**Input data**
= = = = = = =
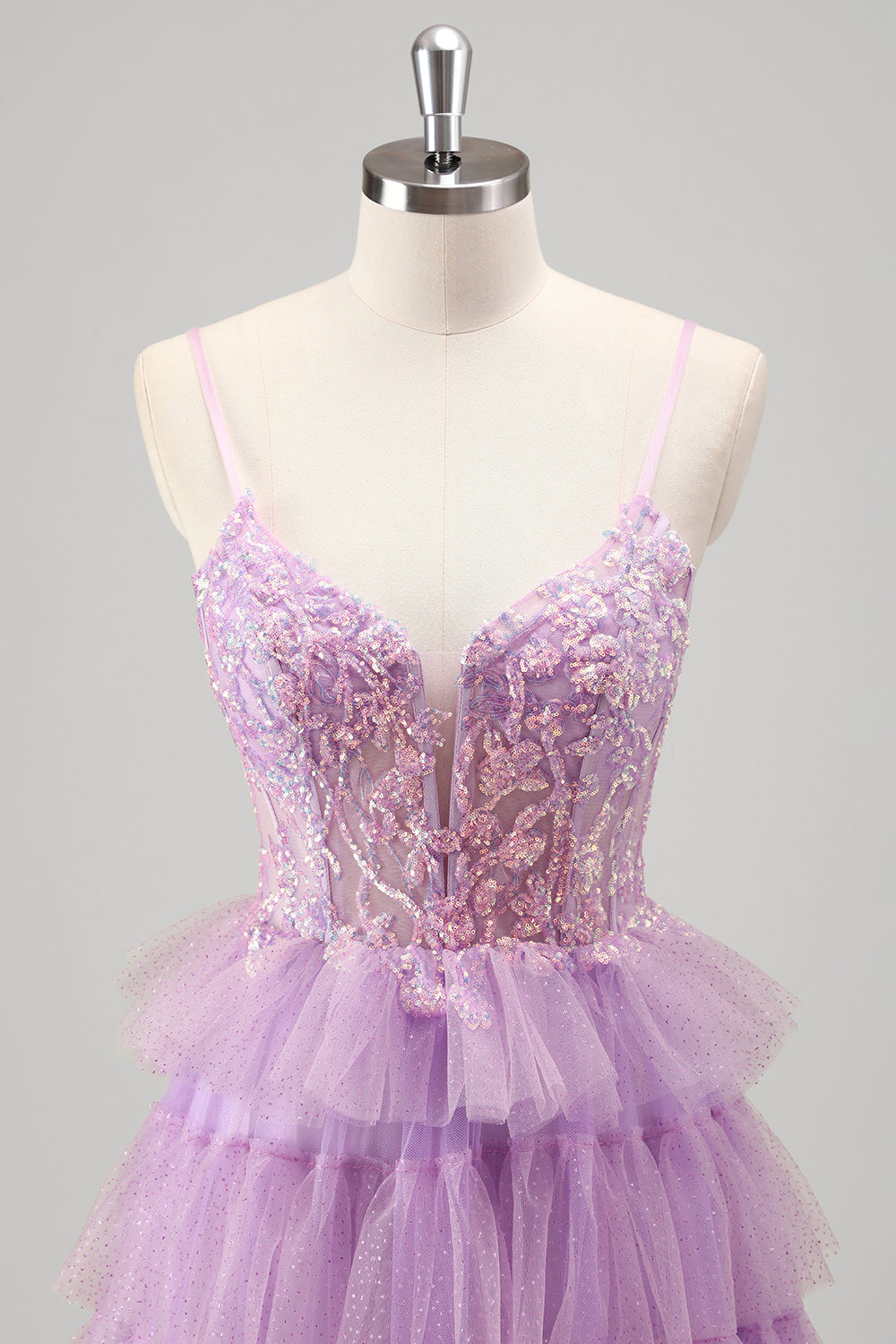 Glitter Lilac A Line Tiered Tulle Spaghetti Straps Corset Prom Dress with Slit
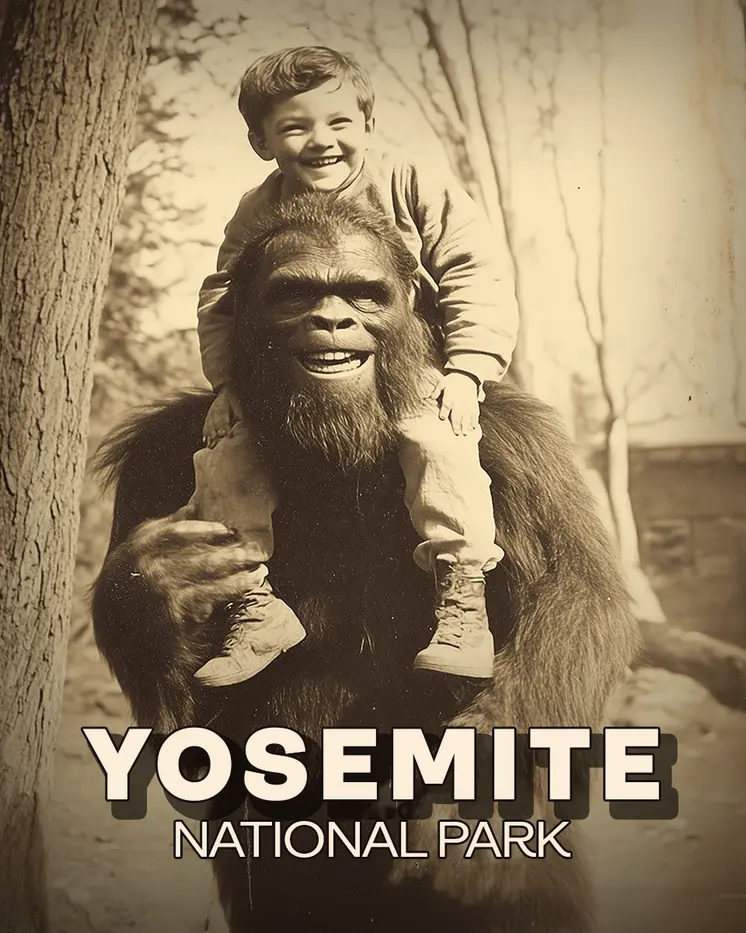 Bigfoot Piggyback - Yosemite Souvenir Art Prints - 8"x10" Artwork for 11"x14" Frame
= = = = = = =
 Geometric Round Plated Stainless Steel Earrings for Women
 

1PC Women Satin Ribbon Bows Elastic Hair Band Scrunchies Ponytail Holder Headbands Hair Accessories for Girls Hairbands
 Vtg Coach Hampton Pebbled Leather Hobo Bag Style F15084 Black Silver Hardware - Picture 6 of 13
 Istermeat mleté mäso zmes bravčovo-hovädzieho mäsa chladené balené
= = = = = = =
**Directions for this task**
Across the whole listing, show each line where the word "Women" occurs.

**Final answer**
 Geometric Round Plated Stainless Steel Earrings for Women
1PC Women Satin Ribbon Bows Elastic Hair Band Scrunchies Ponytail Holder Headbands Hair Accessories for Girls Hairbands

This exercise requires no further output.